Diet intake patterns have been described for all participants in NSDD previously, using a priori scores and indices as well as a posteriori data-driven clustering, and these were used in the present analyses. A Healthy Diet Score (HDS) was calculated as previously described [23]. The score is based on intake of eight food and beverage groups. Favorable groups include fish, fruit (except juice), vegetables (except potatoes) and whole grain. Unfavorable groups include red and processed meat, desserts and sweets, sugar-sweetened beverages and fried potatoes. Within each sex, intakes are ranked in ascending quartile ranks for favorable groups and in descending quartile ranks for unfavorable groups. The sum of the quartile ranks yields the score, with a maximum of 24 and higher scores reflecting a healthier diet.

A relative Mediterranean Diet Score (rMDS) was calculated as described by Buckland et al. [24]. The score indicates adherence to a Mediterranean style diet and is based on intake of nine components. Tertiles of intake, expressed as g*1000/kcal*day, were calculated for vegetables excluding potatoes; fruit including nuts and seeds; legumes, fresh and frozen fish excluding fish products and preserved fish, olive oil and cereals. The tertiles were assigned values of 0–2. For total meat and dairy products, similar tertiles were constructed and the scoring was reversed to account for a putative negative effect on health. Alcohol was scored 2 for moderate consumption and 0 for consumption outside of this range. The final score had a maximum of 9, indicating high adherence to a healthy Mediterranean-style diet.

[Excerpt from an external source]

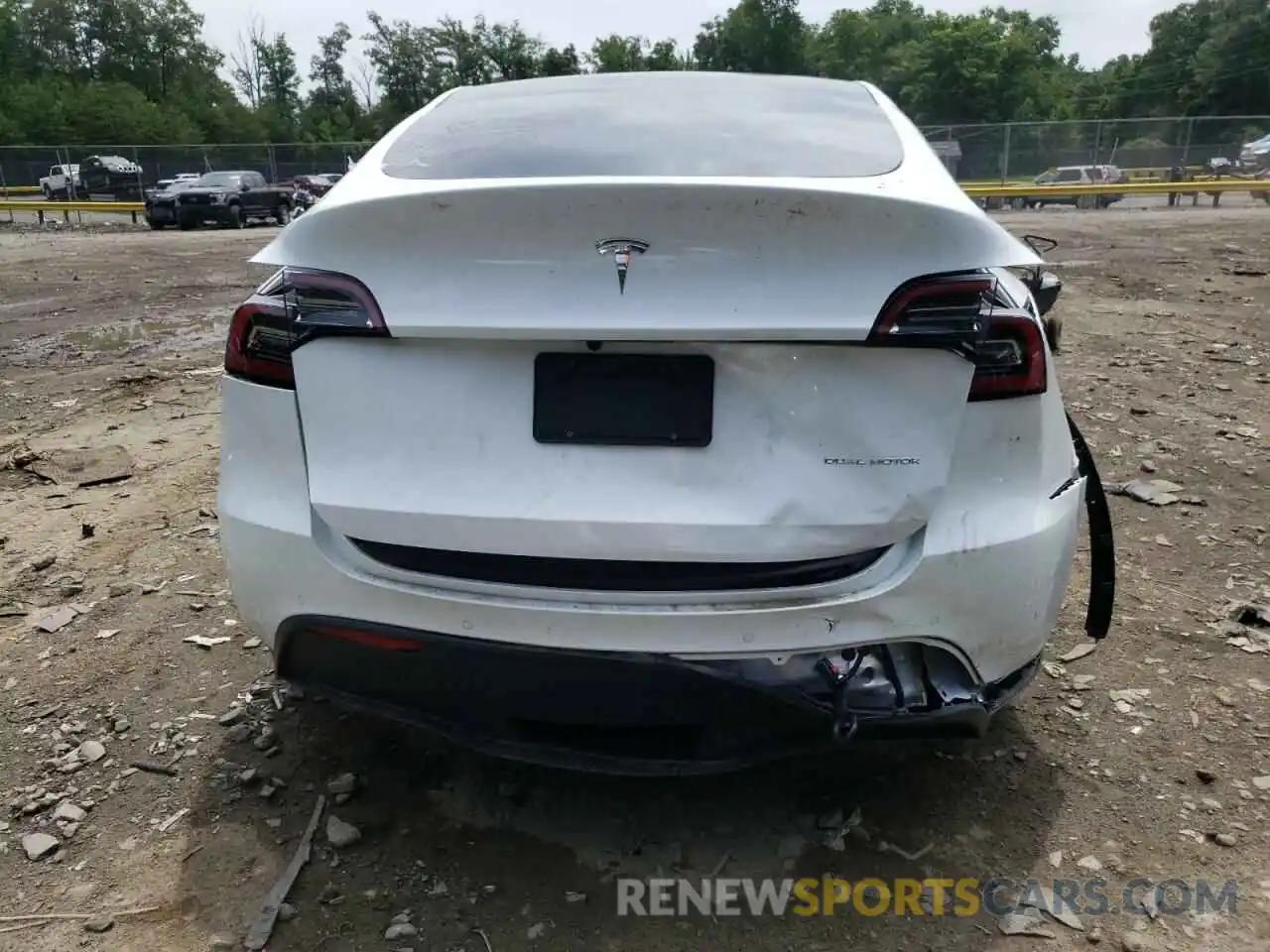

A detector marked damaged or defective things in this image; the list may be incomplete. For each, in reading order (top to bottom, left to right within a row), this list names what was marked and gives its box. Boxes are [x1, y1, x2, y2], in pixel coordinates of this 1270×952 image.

A plant-based diet index, PDI, was developed as described by Satija et al. [25]. Foods were combined into 15 homogeneous groups (healthful plant foods: whole grains, fruits, vegetables, legumes, vegetable oils, coffee/tea; unhealthful plant foods: sweetened beverages, refined grains, potato, sweets/desserts; and animal foods: animal fat, dairy, fish/seafood, poultry/red meat, and miscellaneous animal-based foods). Within each sex, quintiles of frequency of intake/day were constructed. For PDI, participants were assigned 5 points if they were above their fifth quintile of intake of any plant food, 4 points if between the fifth and fourth quintile of intake and so forth down to 1 point if below the first quintile of intake. For animal foods the reverse scoring was used, i.e., participants were assigned 1 point if above their fifth quintile of intake etc. Points for all 15 food groups were summarized to the PDI. Further, a healthful plant diet index was constructed, hPDI. Here, only healthful plant foods were included in the positive ranking (i.e., 5 points if above highest quintile etc.) whereas both unhealthful plant foods and animal foods were included in the reverse ranking (i.e., 1 point if above the highest quintile, etc.). Lastly, an unhealthful plant diet index was constructed, uPDI. Here, unhealthful plant foods were included in the positive ranking whereas healthful plant foods and animal foods were included in the reverse ranking. For all three indices, minimum and maximum values ranged 15 and 75.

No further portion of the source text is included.